Gnade sei mit euch und Friede, von Gott unserem Vater, dem Sohn und dem Heiligen Geist. Amen. 

Liebe Schwestern, liebe Brüder, liebe neue Mitarbeitende in unseren Kindergärten, liebe Gemeinde, 

vor gut 30 Jahren schrieb der Philosoph und Soziologe, Professor Jürgen Habermaas ein Buch (oder besser eine Zusammenstellung von verschiedenen Aufsätzen) mit dem Titel: „Die neue Unübersichtlichkeit“. ER beschreibt eben genau diesen Blick, seinen Blick auf die Welt als unübersichtlich. Und ich denke wir können ihm zustimmen: Diese Welt wird tatsächlich / ist tatsächlich immer verwirrender, immer komplizierter, immer verrückter. Nun, Jürgen Habermaas hat die Welt schon 1985 als unübersichtlich charakterisiert. Gegenüber heute erscheinen uns aber, die Zeit vor dreißig Jahren geradezu übersichtlich, klar, strukturiert.. Nicht besser, nicht sicherer, aber doch eindeutiger. Da gab es zwei große Machtblöcke, Ost und West. Auf jeder Seite war man sich sicher, dass die Bösen auf der anderen Seite saßen und man selbst natürlich zu den Guten zählte. Man hatte ein Gegenüber, sozusagen eine Negativfolie, anhand derer man sich immer wieder klar machen konnte: die eigene Welt ist doch die bessere. Dass das alles auch nicht der Realität entsprach ist sicher wahr, aber die Welt teilte sich eben in zwei Lager. Und der Einfachheit halber haben wir das eben in Gut und Böse geteilt. 

Dann kam die Wende, Mauerfall, der Zerfall des Ostblocks, das Ende der Sowjetunion – und damit zunächst einmal eine gewisse Erleichterung. Die Bedrohung schien weg: kein kalter Krieg mehr, kein Wettrüsten, kein Ost gegen West, keine Gefahr eines Atomkrieges mehr. Doch diese Erleichterung währte nur kurz. Zwei Golfkriege, mit dem Kosovo-Konflikt Ende der 90er Jahre der erste „heiße“ Krieg in Europa seit einem halben Jahrhundert, dann der 11. September 2001 mit allem, was folgte, auch die Finanzkrise. Die Aufstände im Nahen und mittleren Osten, zunehmende Flüchtlingsströme. Einmarsch der Russen auf der Krim. Terroristische Bedrohungen. Und der Krieg in Syrien der nun geradezu ein schreckliches Beispiel für diese Unübersichtlichkeit ist. Selbst ausgewiesene Experten tun sich schwer zu verstehen, wer da gerade mit wem verbündet ist, gegen wen kämpft, wer welche Interessen verfolgt. Längst gilt nicht mehr: Der Feind meines Feindes mein Freund. Längst erleben wir, dass der Feind meines Freundes auch mein Freund sein kann, dass der Freund meines Freundes mein Feind sein kann…. 

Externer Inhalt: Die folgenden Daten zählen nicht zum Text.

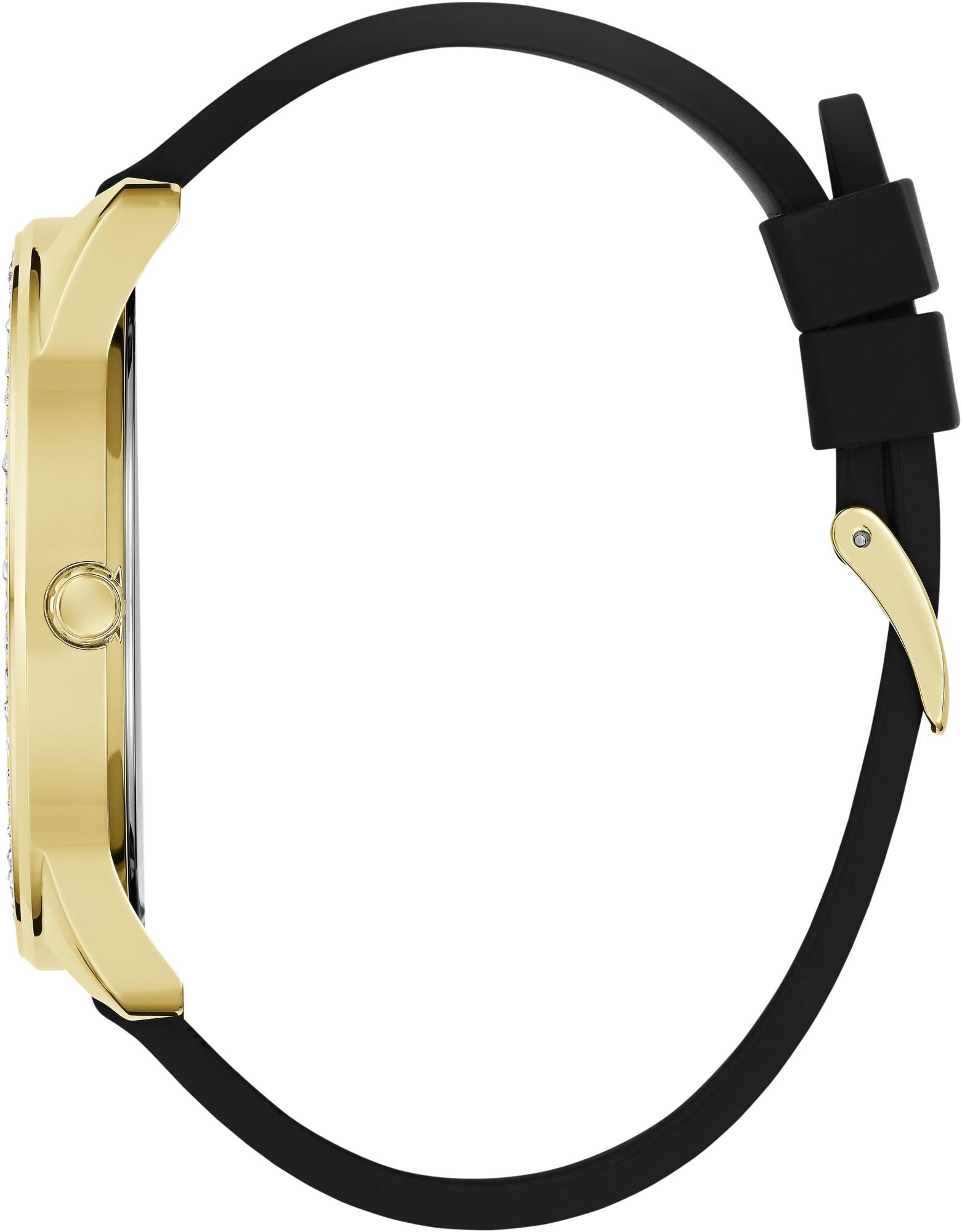 Guess U1430G1M zegarek - miniatura 2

Es ist heute Volkstrauertag und da ist es gut und richtig an die Opfer all dieser mörderischen Kriege zu denken. 

Es ist nachvollziehbar, dass Menschen angesichts der unübersichtlichen Lagen nach einfachen Antworten suchen. Klar haben wollen, was gut und was böse ist. Dass sie vermeintliche Übersichtlichkeit und vermeintliche Sicherheit damit erreichen wollen, dass man „Ausländer raus skandiert, Muslime verteufelt, wieder von Reinheit der Rasse faselt, Populisten wählt….(!) 

Ihr Lieben, wir werden die Welt nicht übersichtlicher bekommen. Auch nicht wenn die gewählt werden, die das versprechen. Wir können die Zeit nicht zurückdrehen, zurück in scheinbar gemütlichere / sichere Jahre. 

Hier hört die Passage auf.